Goal of the exercise -
Output all of the data below without changing a word, and exclude the pictures.

Raw data -
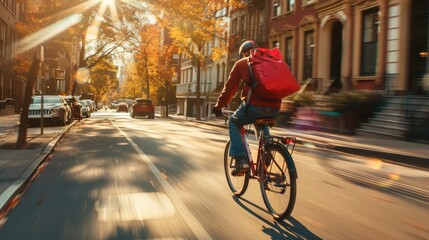 Fototapeta premium Bicycle courier with a bag full of packages moves quickly through the streets of a big city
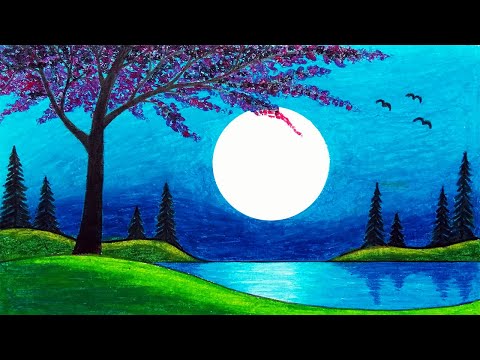 How to Draw Beautiful Moonlight Over the Lake Scenery...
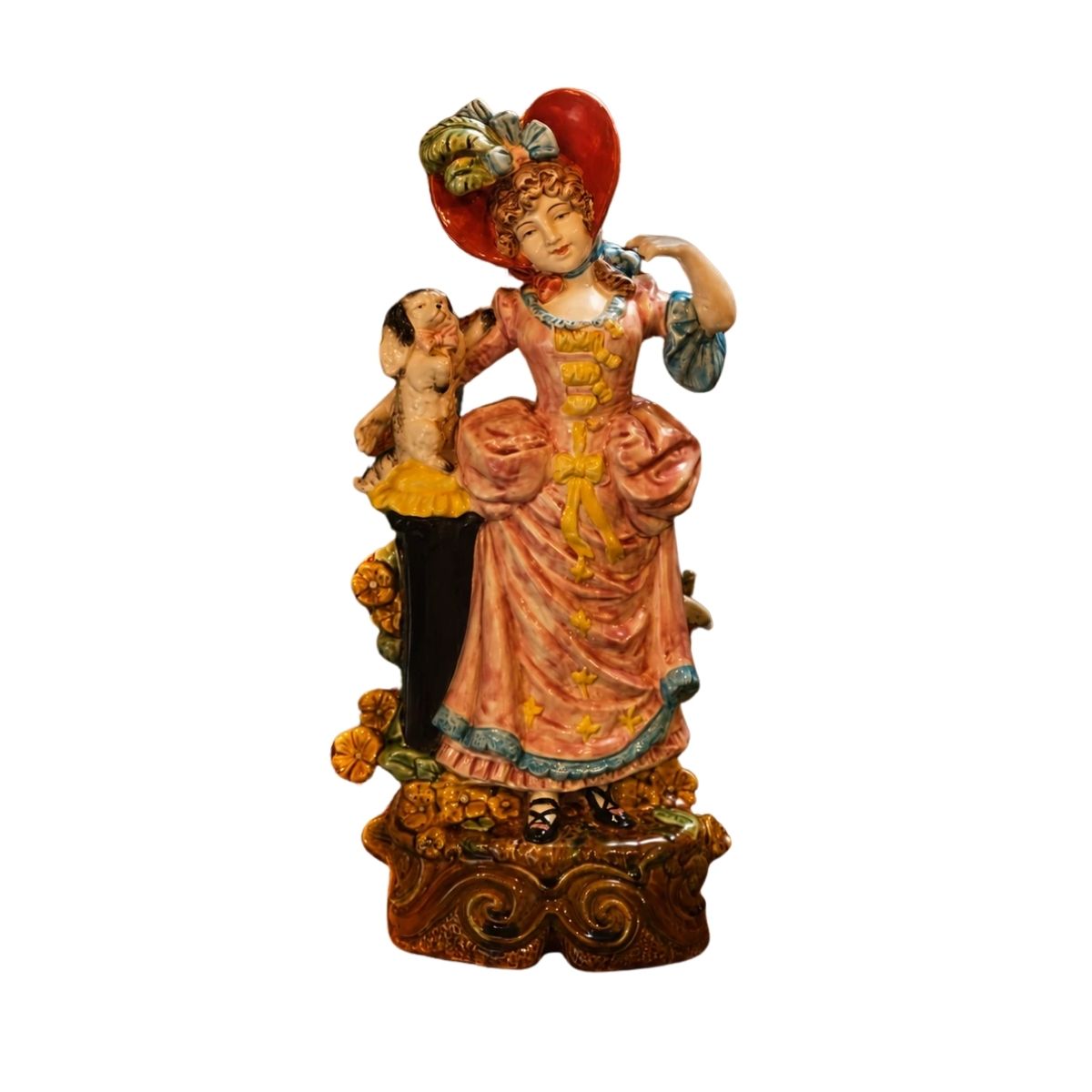 German Majolica Porcelain Merveilleuse Figurine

Final answer -
 Fototapeta premium Bicycle courier with a bag full of packages moves quickly through the streets of a big city
 How to Draw Beautiful Moonlight Over the Lake Scenery...
 German Majolica Porcelain Merveilleuse Figurine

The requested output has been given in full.